- Task objective: Exact wording is required: transcribe all the entries and leave the images out.

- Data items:
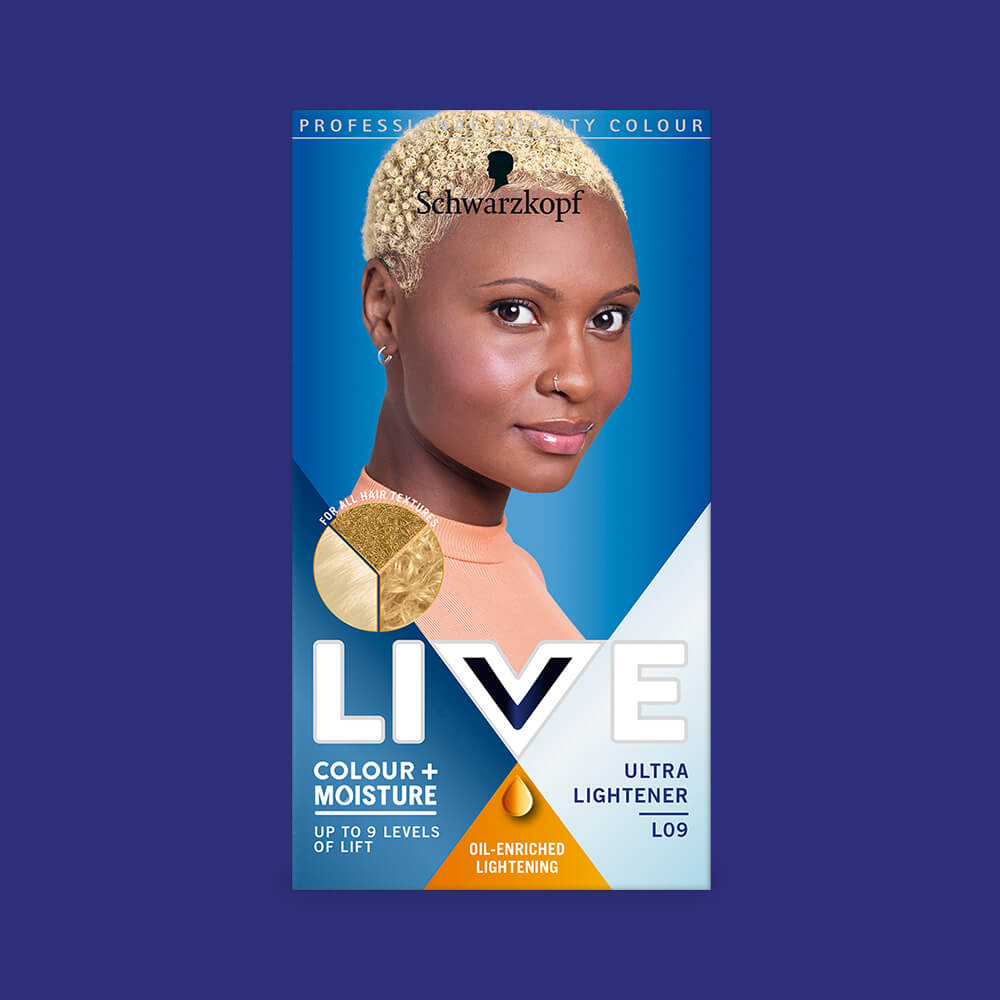 Schwarzkopf Live Colour + Moisture Permanent Hair Colour Dye L09 Ultra Lightener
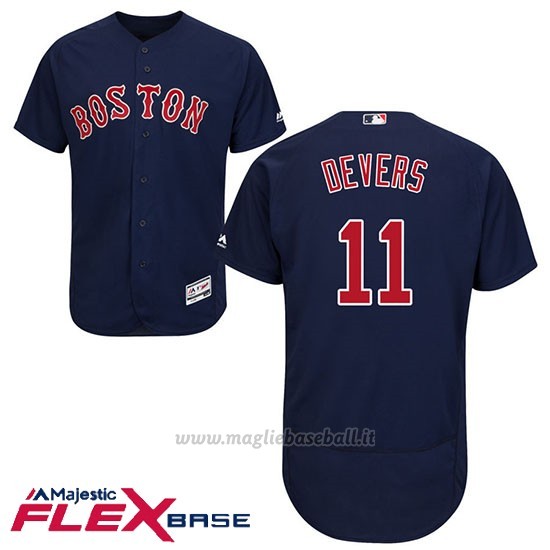 Maglia Baseball Uomo Boston Red Sox Rafael Devers Blu Alterner Flex Base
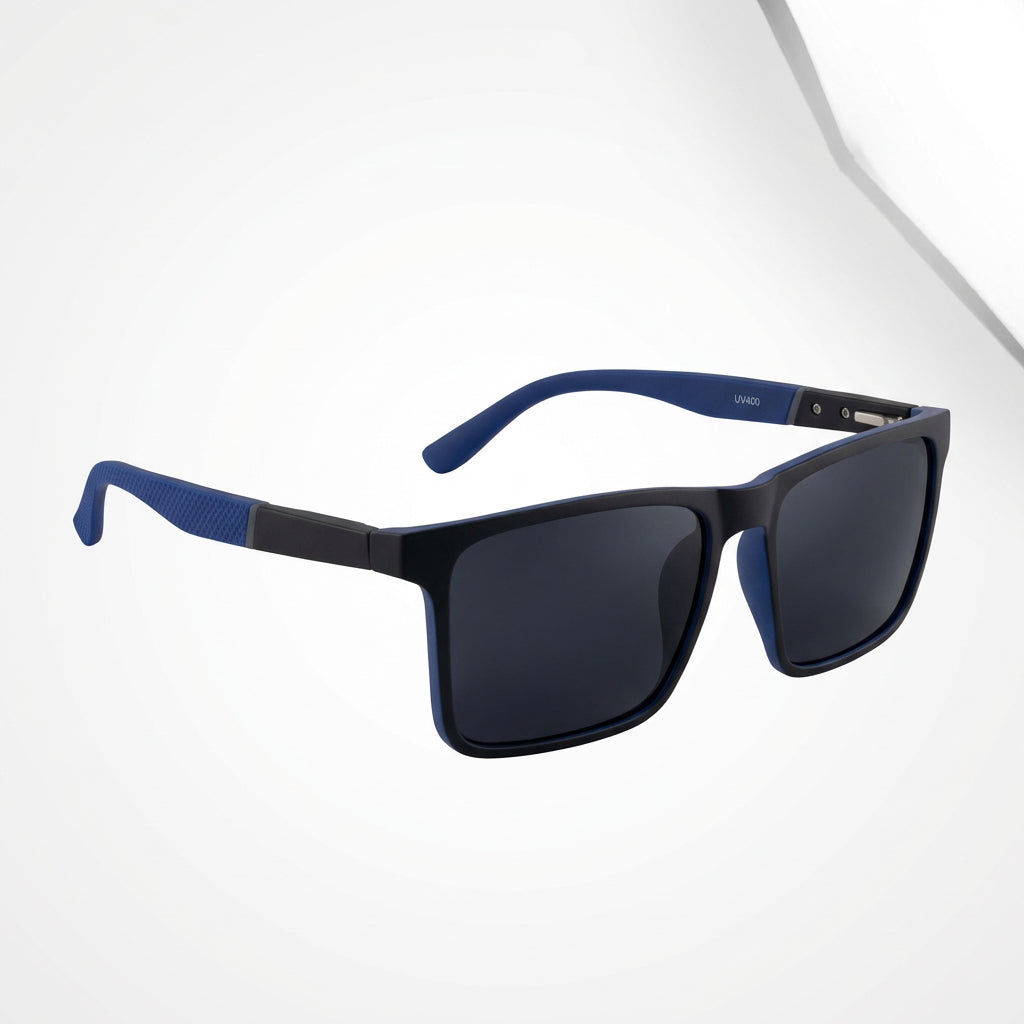 Óculos De Sol Triton Grey E Blue Uv400 Polarizado Unissex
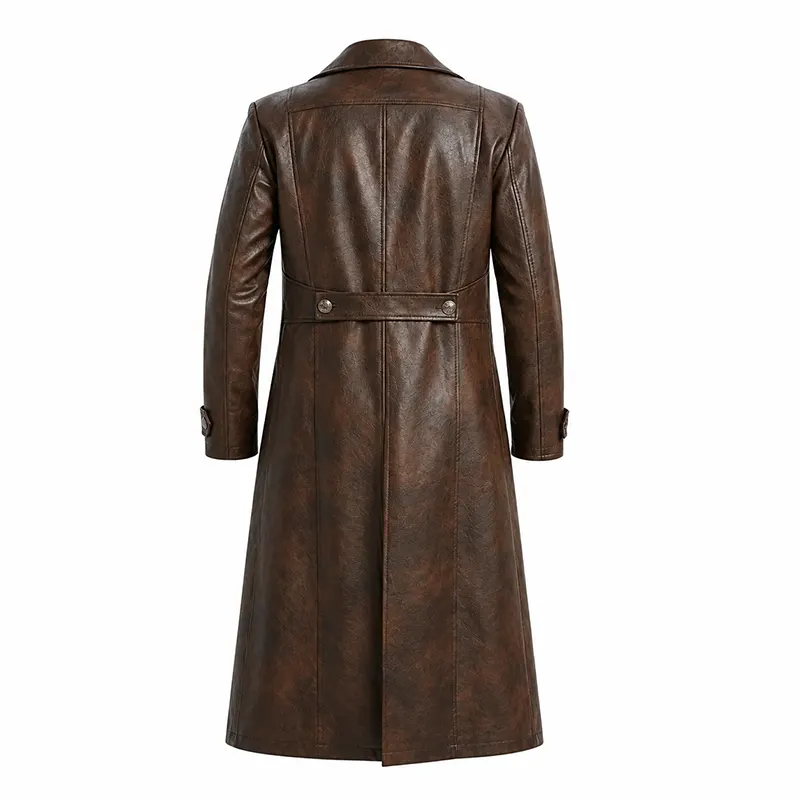 Spider-Man Noir Spider Noir Brown Leather Coat - Image 2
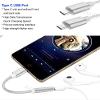 2-Pack USB 3.1 Male to 3.5mm Female Connector Cable Earphone Headphone Stereo Audio Jack Adapter Compatible with Motorola Moto Z Force Droid XT1650M Cellphone (Not Fit Compatible with HTC) view 4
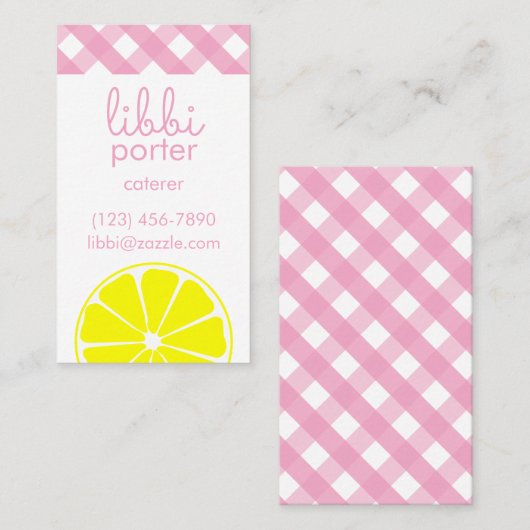 Pink Lemonade Business oder Contact Cards Visitenkarte (Vorne/Hinten)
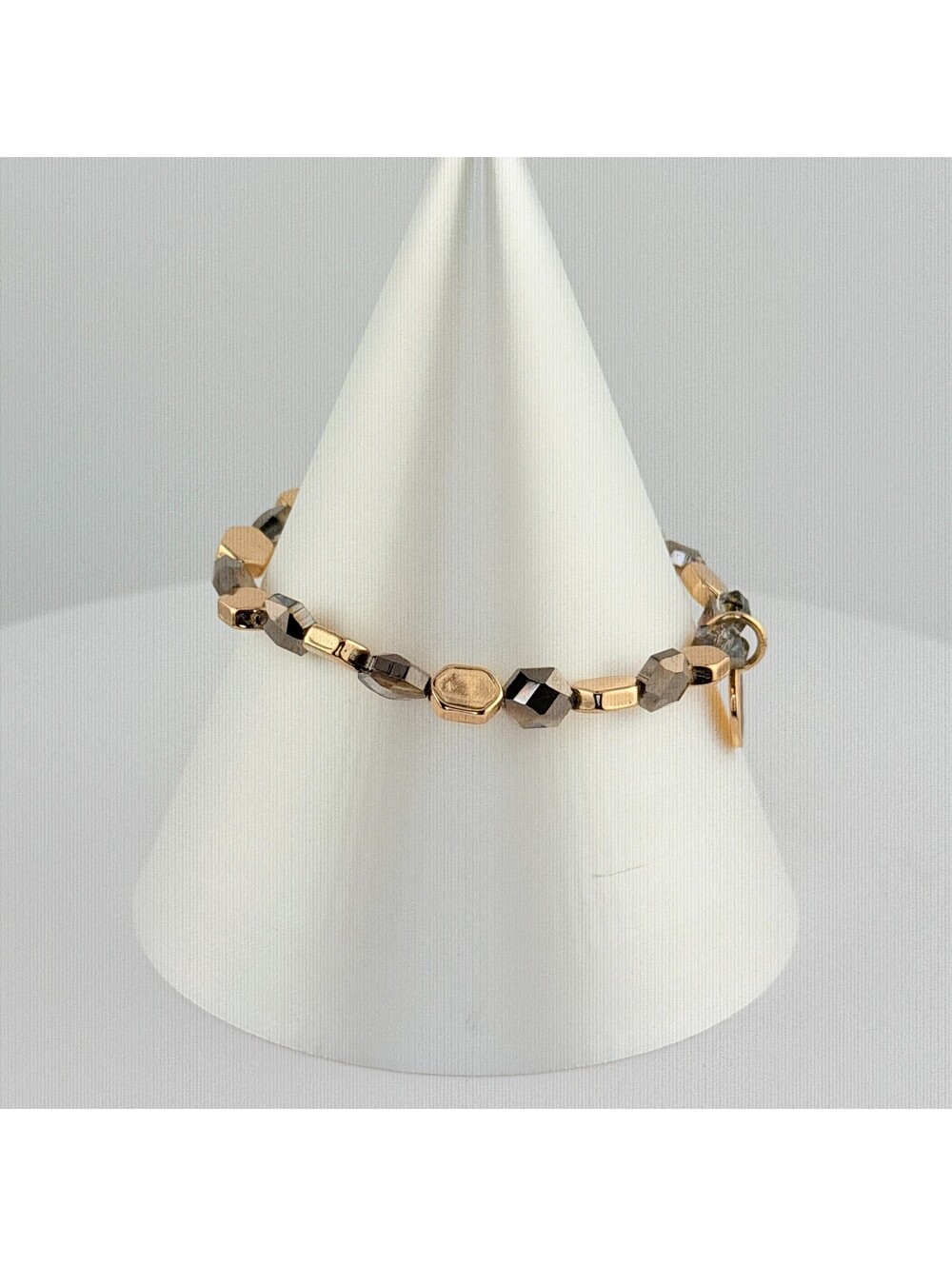 Bomb Party Single Stack Bracelet - on Yellow Gold #95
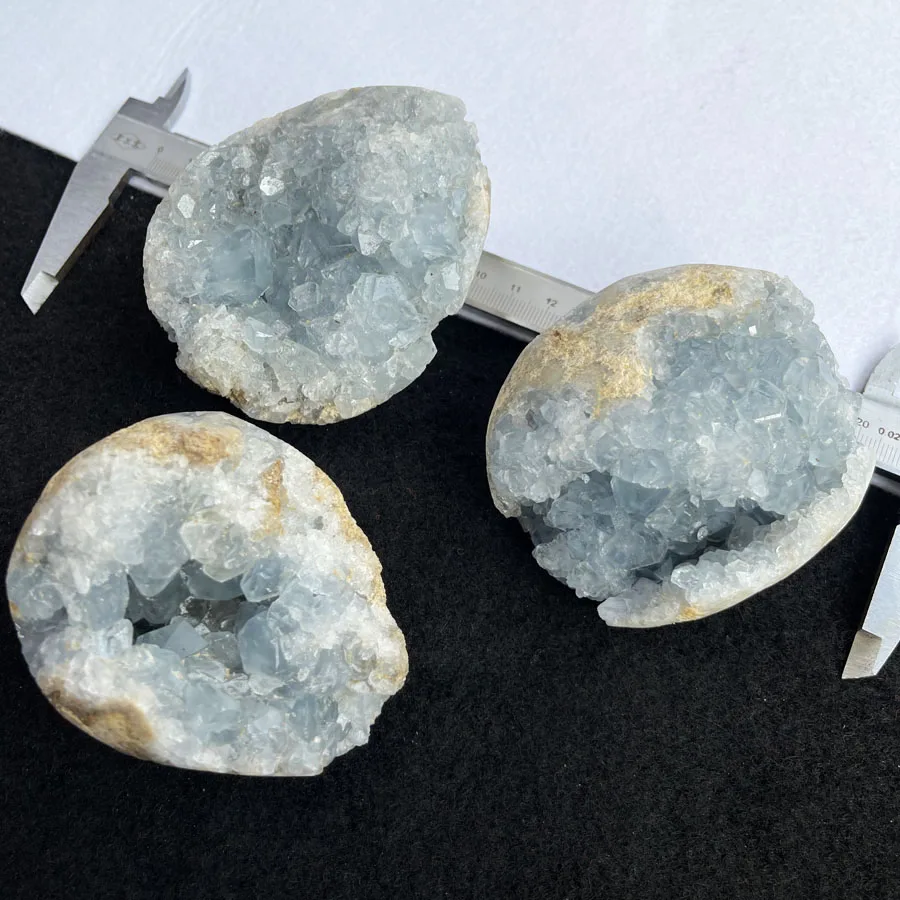 Wholesale High Quality Natural Raw Healing Stones Crystal Celestite Geodes Blue Celestite Cluster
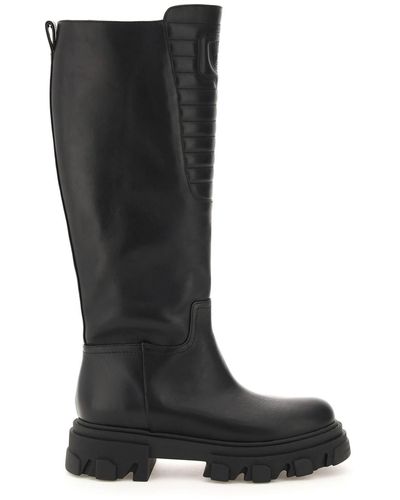 Chiara Ferragni Leather Combat Boots - Black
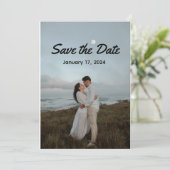 Vollständiges Foto Save the Date Postkarte (Stehend Vorderseite)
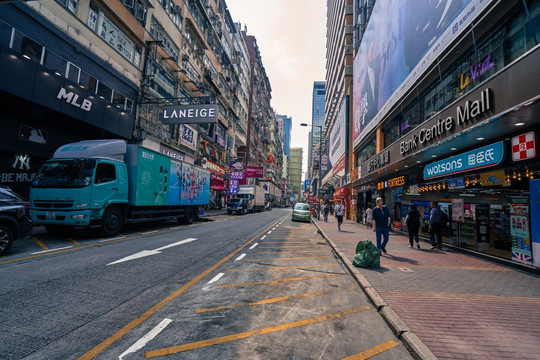 高清香港街景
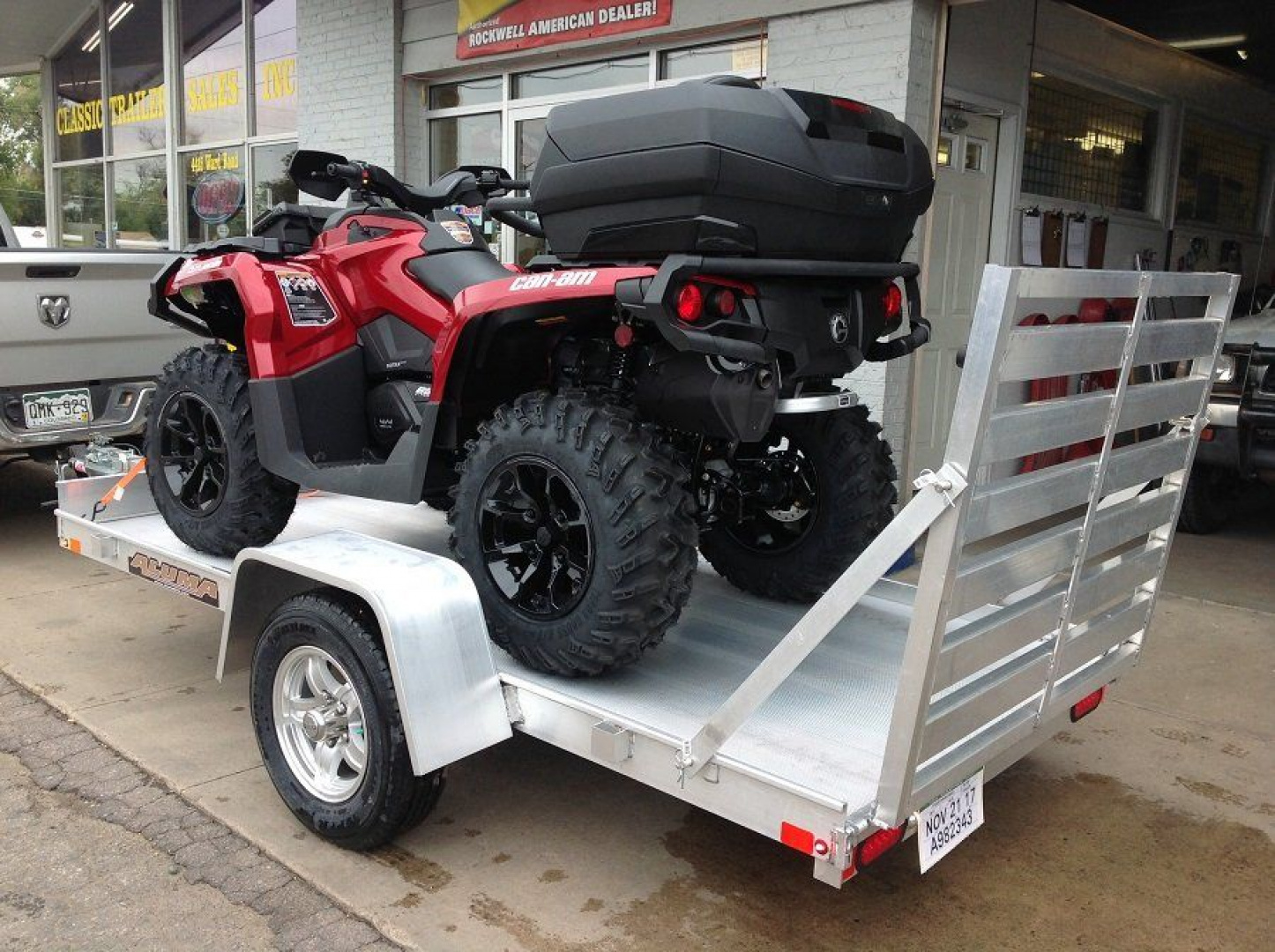 New 2026 Aluma 5410S-TG Utility Trailer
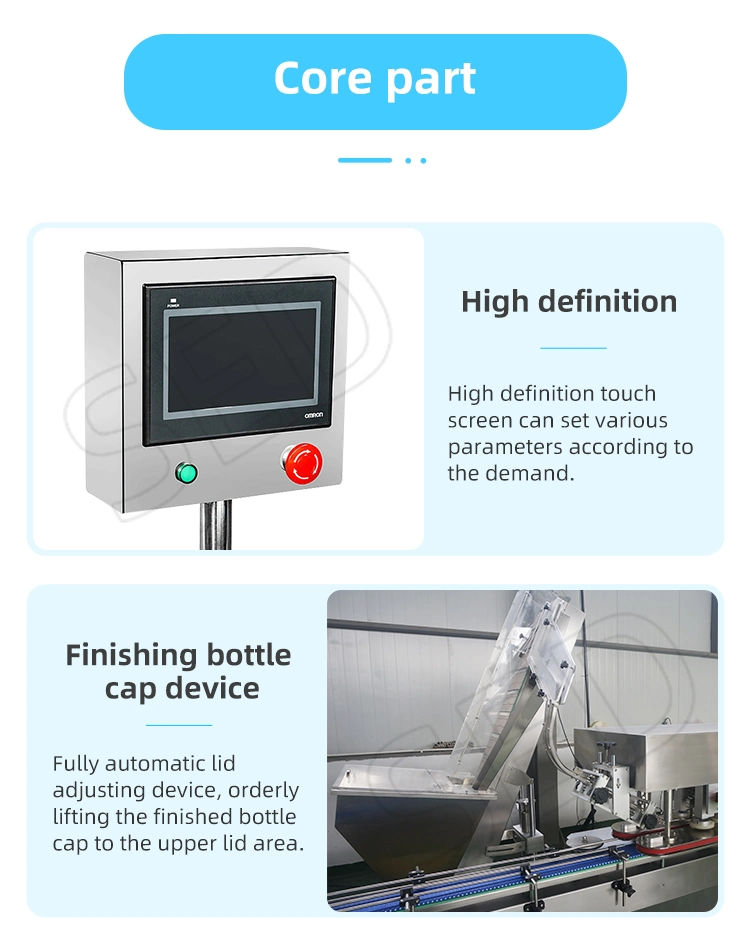 Fully Automatic Glass Bottle Cap Sealer Suitable for Various Bottle Caps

- Completed task:
 Schwarzkopf Live Colour + Moisture Permanent Hair Colour Dye L09 Ultra Lightener
 Maglia Baseball Uomo Boston Red Sox Rafael Devers Blu Alterner Flex Base
 Óculos De Sol Triton Grey E Blue Uv400 Polarizado Unissex
 Spider-Man Noir Spider Noir Brown Leather Coat - Image 2
 2-Pack USB 3.1 Male to 3.5mm Female Connector Cable Earphone Headphone Stereo Audio Jack Adapter Compatible with Motorola Moto Z Force Droid XT1650M Cellphone (Not Fit Compatible with HTC) view 4
 Pink Lemonade Business oder Contact Cards Visitenkarte (Vorne/Hinten)
 Bomb Party Single Stack Bracelet - on Yellow Gold #95
 Wholesale High Quality Natural Raw Healing Stones Crystal Celestite Geodes Blue Celestite Cluster
 Chiara Ferragni Leather Combat Boots - Black
 Vollständiges Foto Save the Date Postkarte (Stehend Vorderseite)
 高清香港街景
 New 2026 Aluma 5410S-TG Utility Trailer
 Fully Automatic Glass Bottle Cap Sealer Suitable for Various Bottle Caps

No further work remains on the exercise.